It's enormously gratifying to know that you're participating in a movement that's helping people around the world have access to high-quality software at low to no cost (after all, just try saying "Get a Mac" to someone who lives in a poor township in Africa). Projects such as Ubuntu offer people all around the world the opportunity to get involved in the wider world via the Internet, by providing them with an operating system that is cheap or free, will run on old hardware that isn't much use elsewhere, and gives them an alternative to pirated copies of Windows. And that's just the "free as in free beer" aspect of it.
The "free as in free speech" aspect is even more important. By giving people the opportunity to make changes to the operating system to make it more suitable for a local audience, they're again giving more people the opportunity to get involved. Rather than waiting for Microsoft to translate Windows into their native language, they have the opportunity to do the work themselves and not have to wait. Also they can make changes to software to make it more suitable. And free software often supports many more different formats than its proprietary counterparts (just look at Open Office compared to MS Office for an example), making it easier for it to interoperate.
That's why I'm proud to be a Linux user.
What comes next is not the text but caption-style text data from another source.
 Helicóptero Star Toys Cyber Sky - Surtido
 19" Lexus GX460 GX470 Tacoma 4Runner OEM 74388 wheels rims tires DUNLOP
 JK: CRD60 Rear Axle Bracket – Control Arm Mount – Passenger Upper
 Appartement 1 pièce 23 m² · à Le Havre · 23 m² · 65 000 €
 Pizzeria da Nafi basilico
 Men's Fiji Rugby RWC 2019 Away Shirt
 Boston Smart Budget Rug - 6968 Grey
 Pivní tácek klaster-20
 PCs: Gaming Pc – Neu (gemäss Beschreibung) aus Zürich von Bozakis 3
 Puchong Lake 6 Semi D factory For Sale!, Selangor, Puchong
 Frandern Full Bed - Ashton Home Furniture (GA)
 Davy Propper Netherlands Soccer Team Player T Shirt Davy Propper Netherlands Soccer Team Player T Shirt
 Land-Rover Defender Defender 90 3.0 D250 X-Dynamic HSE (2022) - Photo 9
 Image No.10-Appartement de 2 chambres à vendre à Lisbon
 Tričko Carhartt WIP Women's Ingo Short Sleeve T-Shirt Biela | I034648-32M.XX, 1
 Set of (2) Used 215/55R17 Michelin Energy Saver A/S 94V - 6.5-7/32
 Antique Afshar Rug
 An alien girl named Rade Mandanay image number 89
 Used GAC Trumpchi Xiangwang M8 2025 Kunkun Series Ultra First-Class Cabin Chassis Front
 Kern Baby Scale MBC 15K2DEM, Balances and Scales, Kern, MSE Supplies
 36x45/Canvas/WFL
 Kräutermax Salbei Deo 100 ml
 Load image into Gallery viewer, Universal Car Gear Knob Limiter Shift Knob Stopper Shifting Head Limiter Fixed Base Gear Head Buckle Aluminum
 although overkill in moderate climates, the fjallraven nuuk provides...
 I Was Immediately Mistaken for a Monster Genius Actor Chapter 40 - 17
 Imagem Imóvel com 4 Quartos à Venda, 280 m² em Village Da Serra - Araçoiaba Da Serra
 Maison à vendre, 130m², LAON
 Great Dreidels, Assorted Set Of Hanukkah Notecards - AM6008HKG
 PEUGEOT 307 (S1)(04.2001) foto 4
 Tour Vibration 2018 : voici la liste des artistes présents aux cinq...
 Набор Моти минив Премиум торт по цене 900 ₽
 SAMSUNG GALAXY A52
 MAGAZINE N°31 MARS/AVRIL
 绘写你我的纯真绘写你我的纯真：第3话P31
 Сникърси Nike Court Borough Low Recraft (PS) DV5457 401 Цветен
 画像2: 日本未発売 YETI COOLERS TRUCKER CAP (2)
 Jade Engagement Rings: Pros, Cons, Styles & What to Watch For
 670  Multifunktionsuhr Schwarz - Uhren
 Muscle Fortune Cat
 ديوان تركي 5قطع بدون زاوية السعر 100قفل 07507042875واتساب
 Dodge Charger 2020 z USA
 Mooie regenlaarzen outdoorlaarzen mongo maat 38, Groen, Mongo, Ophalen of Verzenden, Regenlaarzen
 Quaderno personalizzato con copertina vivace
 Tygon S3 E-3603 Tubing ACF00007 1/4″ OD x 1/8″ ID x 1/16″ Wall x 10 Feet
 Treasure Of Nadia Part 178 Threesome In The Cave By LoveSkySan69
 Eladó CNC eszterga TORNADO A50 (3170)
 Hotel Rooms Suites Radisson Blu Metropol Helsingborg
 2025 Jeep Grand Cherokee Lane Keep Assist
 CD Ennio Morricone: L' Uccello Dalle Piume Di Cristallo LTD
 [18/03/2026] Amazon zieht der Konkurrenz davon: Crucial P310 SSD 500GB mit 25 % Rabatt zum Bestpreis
I may not have helped out much to date, but I plan to get involved at some point, whether it's packaging, offering advice in the Ubuntu forums, or writing documentation.
Finally, the programs are just so much better named! Don't believe me? Here's a list of proprietary applications and their free software equivalents:
- Internet Explorer - Firefox
- Photoshop - GIMP (makes a better verb too! To Gimp something sounds a lot better than to Photoshop something!)